La debole domanda internazionale e il permanere di un’inflazione elevata pesano sulla performance di inizio 2023, ma nei prossimi trimestri è attesa la ripresa

Whirpool archivia il primo trimestre dell’anno con le vendite in contrazione rispetto allo stesso periodo dello scorso anno, ma meglio delle attese, tanto da poter diffondere un messaggio di moderato ottimismo sull’intero esercizio, con una seconda parte dell’anno che dovrebbe consentire una risalita, tanto da avvicinare i livelli 2022.
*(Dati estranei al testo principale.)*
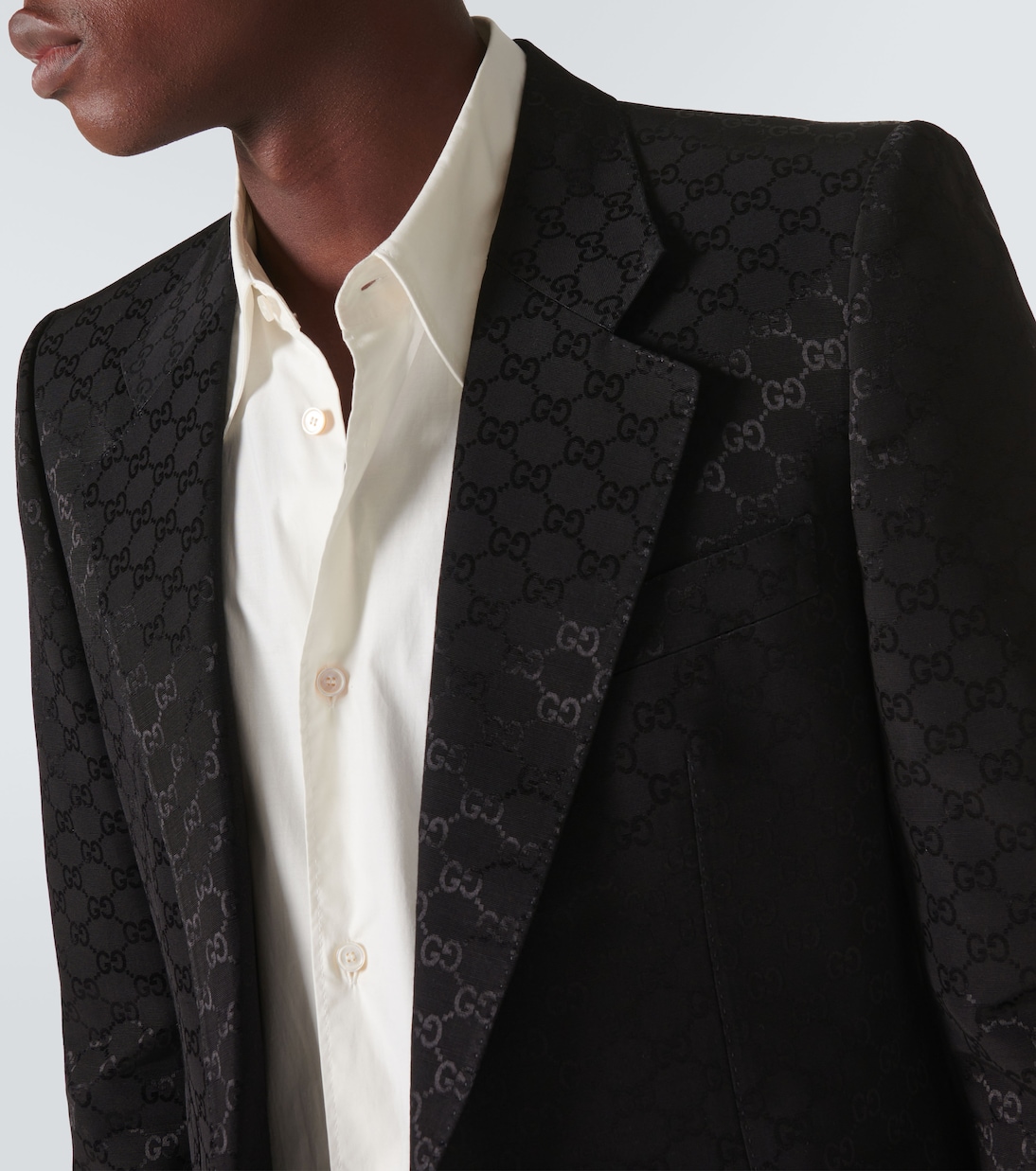 Blazer in misto cotone GG | Gucci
Pesa la debolezza della domanda globale

Le vendite nette sono scese del 5,5% sul periodo gennaio-marzo 2022 (senza considerare il calo valutario del 3,7%), influenzato da una debole domanda globale e da uno sfavorevole price/mix. Intanto sono proseguite le azioni di riduzione dei costi in modo da difendere i margini. Si tratta di numeri migliori rispetto alle attese degli analisti.

"Le nostre priorità operative e le azioni di riduzione dei costi di 800-900 milioni di dollari ci danno fiducia nel riaffermare la nostra guida in corso per l'intero anno – afferma in una nota Jim Peters, chief financial officer di Whirlpool Corporation -. Con 1,4 miliardi di dollari di liquidità a disposizione, continuiamo ad avere la flessibilità necessaria per attuare un approccio bilanciato di allocazione del capitale che includa il finanziamento per l'innovazione e la crescita, pur mantenendo quasi 70 anni di dividendi restituiti ai nostri azionisti".

Mirino puntato sui business ad alta crescita

“Nel primo trimestre abbiamo realizzato una significativa espansione sequenziale dei margini, in particolare in Nord America – fa sapere Marc Bitzer, presidente e amministratore delegato del gruppo -. “Allo stesso tempo, continuiamo a portare avanti la trasformazione del nostro portafoglio di investimenti con maggiore crescita e con margini più elevati, rimanendo fiduciosi nella nostra capacità di generare valore nel lungo termine”

Quanto all’aria Europa, Medio Oriente e Africa, le vendite sono scese del 7,7% su base annua, mentre il margine Ebit (utile prima di interessi e tasse) è stato positivo dello 0,6% rispetto a una performance negativa (-2,5% dello scorso anno), trainato da un price/mix positivo e benefici di vendita parzialmente compensati dall’inflazione delle materie prime.

Quanto alle prospettive per l’intero esercizio in corso,  le vendite nette sono attese a circa 19.4 miliardi di dollari, in calo dall’1 al 2% rispetto al 2022.